*Recorded data*.
● ● ● ● ● ● ●

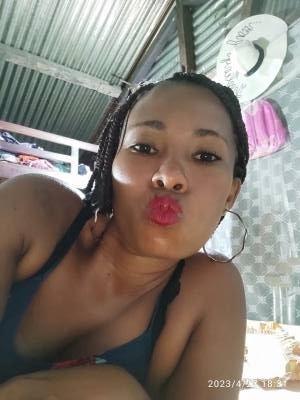 Félicia 34 ans Sambava Madagascar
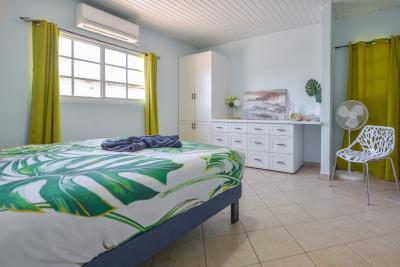 Monserat 18-F, photo 24 of 40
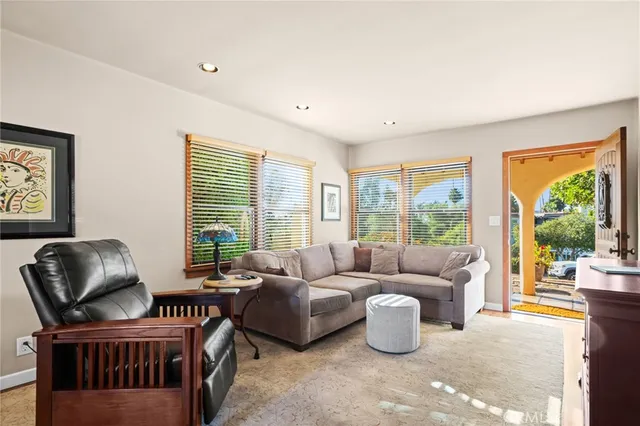 $1,999,999 | 147 Trafalgar Lane, San Clemente, CA 92672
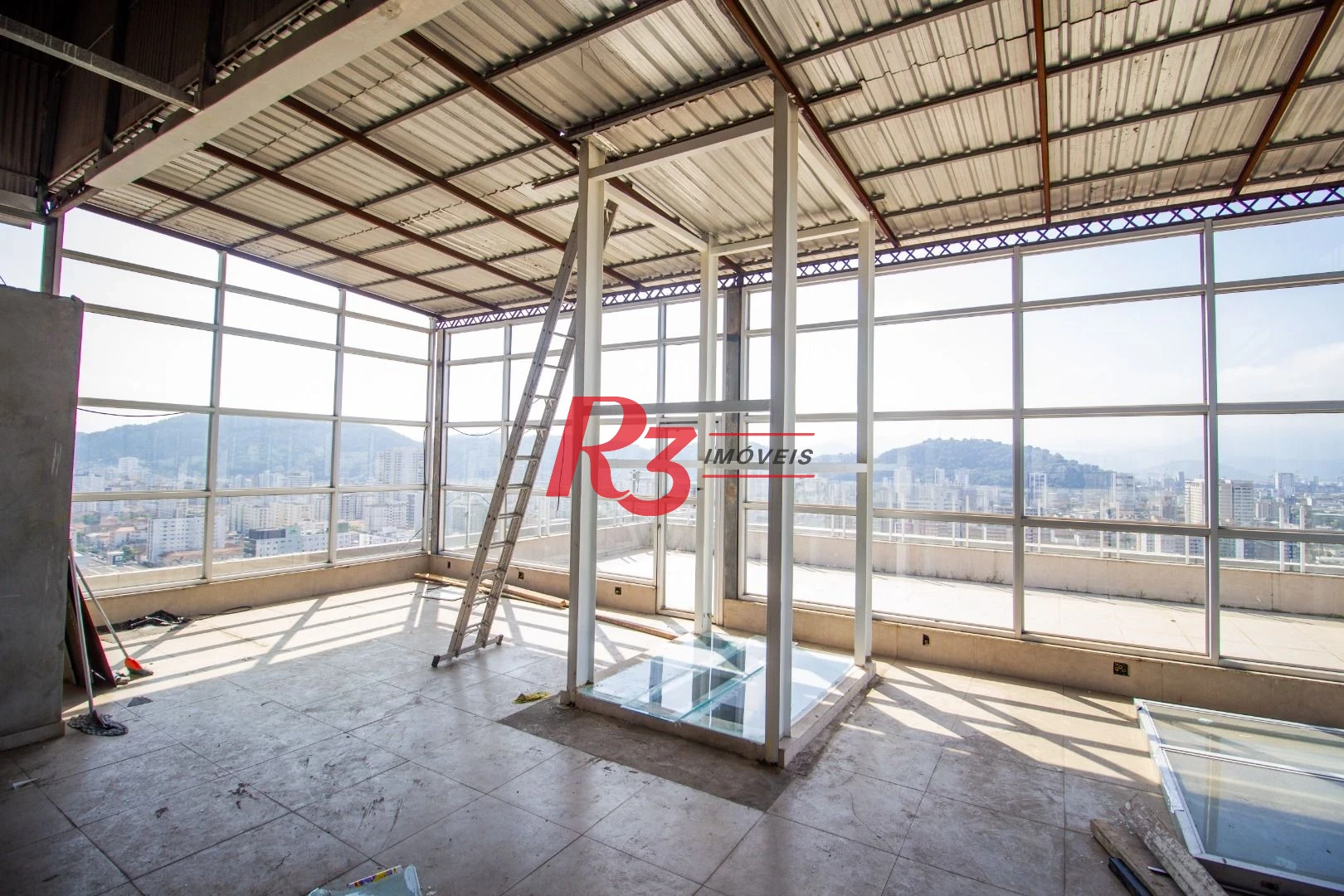 Andar Corporativo para alugar, 1000 m² por R$ 50.000,00/mês - Gonzaga - Santos/SP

● ● ● ● ● ● ●

*About this exercise*. Reproduce the data word for word without its images.

*Reply*.
 Félicia 34 ans Sambava Madagascar
 Monserat 18-F, photo 24 of 40
 $1,999,999 | 147 Trafalgar Lane, San Clemente, CA 92672
 Andar Corporativo para alugar, 1000 m² por R$ 50.000,00/mês - Gonzaga - Santos/SP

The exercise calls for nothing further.